Factorial Capital has closed its $25 million Fund II, reinforcing its bet on technical founders building at the cutting edge of artificial intelligence. The New York based early stage firm will continue writing angel, pre seed and seed checks into startups created by founders who code and operate close to what is newly possible in technology. With the new fund, Factorial aims to institutionalize a model that treats proven engineers and product builders as core investing partners rather than occasional scouts.
Scaling a Thesis Around Technical Founders
Fund II more than doubles Factorial Capital's debut $10 million vehicle, which Hartman has described as a proof of concept for the strategy. That first fund already includes ten portfolio companies valued at least five times Factorial’s entry price, among them Modal, which has recently crossed the billion dollar valuation threshold. Later stage rounds in these companies have been led by established firms such as Sequoia, Andreessen Horowitz, Lux, Lightspeed, Redpoint and Felicis, signaling strong external validation of Factorial’s early selection.
From Betaworks Experience to a New VC Model
Founder and general partner Matt Hartman launched Factorial Capital in 2023 after nearly a decade as an investor at Betaworks. There, he wrote some of the earliest checks into technical founders behind companies like Hugging Face and Anchor, the latter later acquired by Spotify. That experience convinced him that deeply technical builders are often best placed to recognize the next generation of frontier startups, which led him to design a firm where those founders have real economic and decision making weight.
A Distributed Sourcing Model Built With Technical Partners
Factorial’s structure borrows from the multi manager model popularized in hedge funds such as Citadel, but adapts it to early stage venture investing. The firm works with a tightly selected group of technical founders, including the creators of Venmo, Giphy and Hugging Face, who surface standout startups from within their own networks. Factorial splits its 20 percent carried interest evenly, with half going to the general partnership and the other half allocated to the sourcing partner in proportion to the profits their introductions generate, creating clear alignment around outcomes.
Aligning Incentives for Operators and Investors
Hartman argues that early stage AI investing now demands genuine technical fluency rather than pattern matching on pedigree or headline traction. In his view, traditional venture firms are becoming more institutional at the same time that the underlying technology is evolving faster, which can leave large funds slow and poorly equipped to evaluate bleeding edge infrastructure or models. By contrast, Factorial’s investing partners remain full time builders who can spot promising teams long before they appear in standard deal flow, while the firm supplies institutional capital, investment rigor and ongoing support to help those companies raise subsequent rounds.

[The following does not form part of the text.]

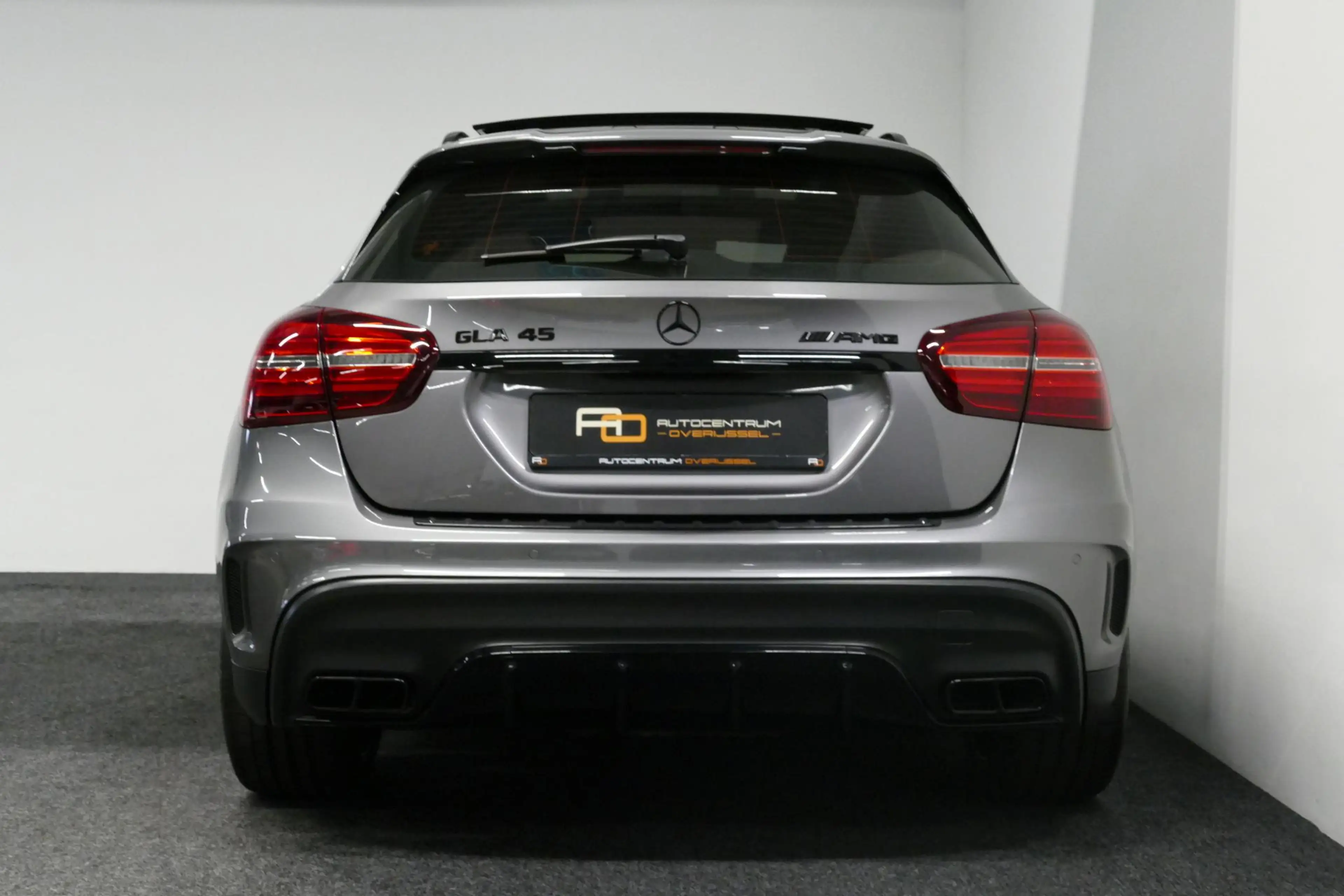 Mercedes-Benz GLA 45 AMG 4MATIC Premium Plus / UNIEK / Panoramadak / AMG Pe — photo 19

Portfolio Momentum and Areas of Focus
The firm’s portfolio spans companies like Modal, which provides AI hosting infrastructure, Factory AI, which builds AI powered scoring agents, Pika, which focuses on AI video generation, Causal Labs, which applies AI to business weather prediction, and White Circle, which brings large language model driven capabilities to cybersecurity. Within Fund II, Factorial plans to keep targeting founders who code at the intersection of AI infrastructure, business productivity software, consumer AI applications and emerging technical categories that are only now becoming possible. Operating from New York City, the team continues to position a Factorial term sheet as a strong signal of technical quality inside the early stage AI ecosystem.
With the close of its $25 million Fund II, Factorial Capital is doubling down on a thesis that puts technical founders at the center of the venture capital model. The firm intends to broaden its distributed sourcing network by partnering with additional engineers and product builders while preserving a concentrated focus on frontier AI and infrastructure startups at the earliest stages. If its second fund builds on the trajectory of its first, Factorial is likely to play an increasingly influential role in how the next wave of AI native companies is discovered, funded and brought to market.